Volunteers make four visits per class, introducing a recipe — yogurt parfaits with pineapple and blueberries or veggies and dip, for example — each time.

'If you try it, you get a sticker'

The recipes use affordable, accessible ingredients that kids are unlikely to be eating already. All have fun names, like "Silly Dilly Dip," a practice proven to improve the odds that kids will try new foods, Ambroz said.

On salad-making day, volunteers aren't allowed to tell the kids they're eating spinach until the end, when the teacher samples it. That's because many kids automatically assume they won't like it, Ambroz said.

Having a positive attitude toward food — and not forcing kids to eat things — are important components, Ambroz said.

"Remember, you can try a little of it and throw it away," Busch instructed her class. "But if you try it, you get a sticker."

Mary Beth Wehrman volunteered with the program last year, when her youngest was a first-grader, and continued this year. "I love that it's called Food Explorers because that's what explorers do — they touch, feel and taste," she said.

Several weeks ago, she brought in a whole pineapple, which many students had never seen.

Food Explorers is great, she said, because it exposes kids to so many different foods. When making meals at home, "You get in a rut where you only make certain things," she said.

The program works because it puts kids in a different environment than they're usually in when eating.

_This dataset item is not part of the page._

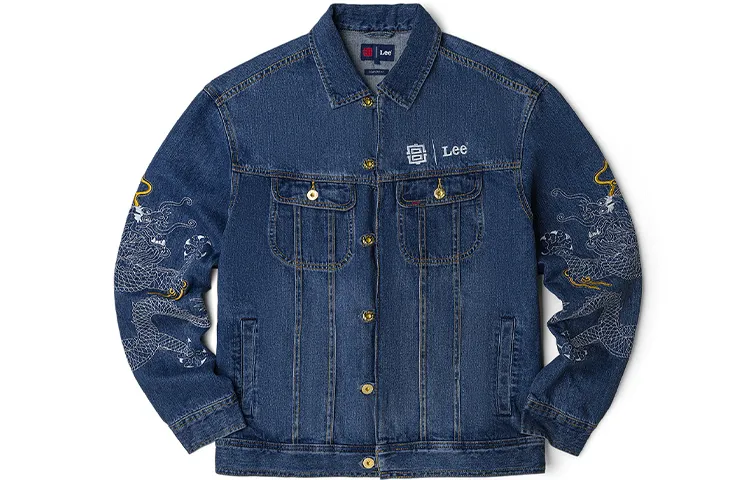 Lee FW22 Denim Jacket Men's Dark Blue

At school, it's their decision whether to try a food, she said.

First-grader Owen Swanson is "kind of picky at home. I'm less picky at school," he said. "I thought [the salad] was going to be icky, but it was yummy."

Food service manager Cheryl Rosa tries to offer some of the new items, including spinach and jicama, in the cafeteria. "If we start with our kids young, when they get to middle school, they're not going to say, 'Yuck,' " she said.

Red Pine Principal Gary Anger said the program fits well with his school's focus on health and wellness.

Access and exposure to fresh foods is important from an equity perspective, too, because poor nutrition contributes to health disparities between socioeconomic groups, he said. About 20 percent of Red Pine students receive free or reduced-price lunches, he said, and there are "real economic gaps in our school."

"[Food Explorers] has really made a huge difference. We firmly believe that healthy kids do better in school … and we've seen great results in our academics and behavior," he said.